After adjusting our findings for cholesterol, LDL, Apo-B, creatinine, and urine albumin, participants with a TyG index > 8.96 were 4.42 times more likely to suffer from a stroke than those with a TyG index < 8.11 (AOR = 4.42, 95% CI = 1.28–15.24, p = 0.01), however unadjusted regression model reported that participants with a TyG index > 8.96 were 1.68 times more likely to suffer from a stroke than those with a TyG index < 8.11 (AOR = 1.68, 95% CI = 1.21–2.32, p = 0.002) (Table 3).

Table 3 Regression analysis of the association between stroke & TyG index

8 Regression Analysis of the Association between Heart Attack & TyG Index

When studying the association between heart attack and the TyG index, after adjusting for age, sex, race, and BMI, we found that as the TyG index value increased, the likelihood of having a heart attack also increased. Furthermore, adjusting our results for taking aspirin, antihypertensive, and cholesterol-lowering drugs showed a statistically significant association between having a heart attack and a TyG index between 8.53–8.95 (AOR = 2.2, 95% CI = 1.08–4.47, p = 0.029). We found that a higher TyG index was significantly associated with higher odds of having a heart attack after adjusting for stroke, overweight, heart attack, CHF, and hypertension. Individuals with a TyG index > 8.96 were 2.45 times more likely to have a heart attack than individuals with an index < 8.11 (AOR = 2.45, 95% CI = 1.59–3.77, P < 0.001) (Table 4).

Table 4 Regression analysis of the association between heart attack & TyG index

When adjusting our regression analysis for age, sex, race, and BMI, we observed that higher TyG index values were associated with higher odds of hypertension.

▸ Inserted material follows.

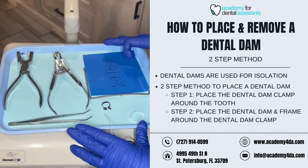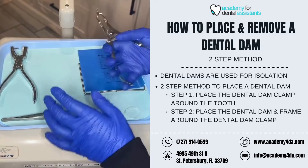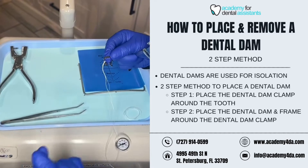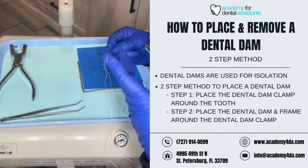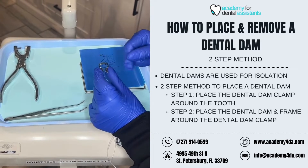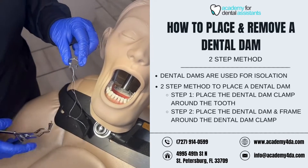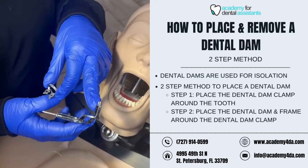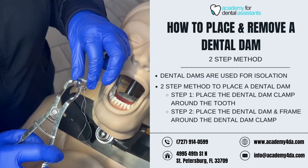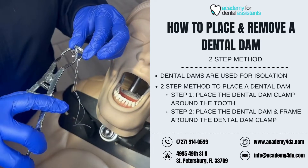In the two-step method, the first thing I'm going to do is grab my dental dam forceps and place my dental dam clamp on my tooth. In this example, I'm using tooth number 28, which is a premolar, so I have my premolar clamp here. I'm going to grab my forceps and stick the prongs or projections inside of the dental dam clamp itself.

Participants with a TyG index between 8.53–8.95 had higher odds for hypertension than those with a TyG index < 8.11 (AOR = 1.23, 95% CI = 1.07–1.42, p = 0.003). The same trend of association was also reported after adjusting for stroke, overweight, heart attack, CHF, and hypertension. Participants with a TyG index > 8.96 were 1.89 times more likely to have hypertension than those with a TyG index < 8.11 (AOR = 1.89, 95% CI = 1.66–2.15, P < 0.001). Similarly, an increased TyG index value correlated with an increased likelihood of hypertension. For instance, participants with a TyG index had a higher likelihood of having hypertension than those with a TyG index < 8.11 (AOR = 3.93, 95% CI = 2.55–6.08, P < 0.001) (Table 5).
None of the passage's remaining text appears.